On Inhuman Bondage
Davis, David Brion. Inhuman Bondage: The Rise and Fall of Slavery in the New World. Blackstone, 2007. eBook.
This is the gold standard for historical writing on slavery in the Americas between 1500 and 1800. While the book theoretically ends with 1888—the abolition of slavery in Brazil—the period after 1800 is almost entirely about the United States, with only a short epilogue given to the case of Cuba and Brazil.

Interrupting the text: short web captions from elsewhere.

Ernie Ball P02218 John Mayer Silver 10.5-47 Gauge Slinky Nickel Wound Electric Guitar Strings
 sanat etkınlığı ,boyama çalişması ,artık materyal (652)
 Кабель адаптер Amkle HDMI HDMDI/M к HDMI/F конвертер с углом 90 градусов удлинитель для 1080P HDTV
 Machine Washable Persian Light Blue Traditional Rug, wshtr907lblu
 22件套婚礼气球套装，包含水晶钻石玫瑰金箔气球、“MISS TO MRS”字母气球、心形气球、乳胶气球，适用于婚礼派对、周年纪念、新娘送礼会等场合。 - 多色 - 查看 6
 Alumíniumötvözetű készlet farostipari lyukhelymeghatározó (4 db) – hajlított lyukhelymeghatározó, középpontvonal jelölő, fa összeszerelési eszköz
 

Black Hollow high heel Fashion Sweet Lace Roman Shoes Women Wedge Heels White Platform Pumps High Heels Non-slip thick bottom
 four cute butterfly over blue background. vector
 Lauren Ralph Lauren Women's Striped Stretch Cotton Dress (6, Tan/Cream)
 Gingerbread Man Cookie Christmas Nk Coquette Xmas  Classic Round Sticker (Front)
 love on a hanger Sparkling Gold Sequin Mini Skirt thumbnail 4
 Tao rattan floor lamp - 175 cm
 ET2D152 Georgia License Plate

The book starts with what we might call the “pre-history” of slavery, with some basic historical points as slavery as a human institution—anecdotes about Babylon, pre-Columbian Brazil, Rome, and the Arab slave trade before diving in to the foundations of slavery in the Americas, its development, and eventual collapse in the North Atlantic. The main takeaway from the early chapters is that slavery in the Americas (not only the United States) was a uniquely brutal institution—while no words would be enough to criticize how dehumanizing earlier forms of slavery were, they still did not reach that scale of New World slavery.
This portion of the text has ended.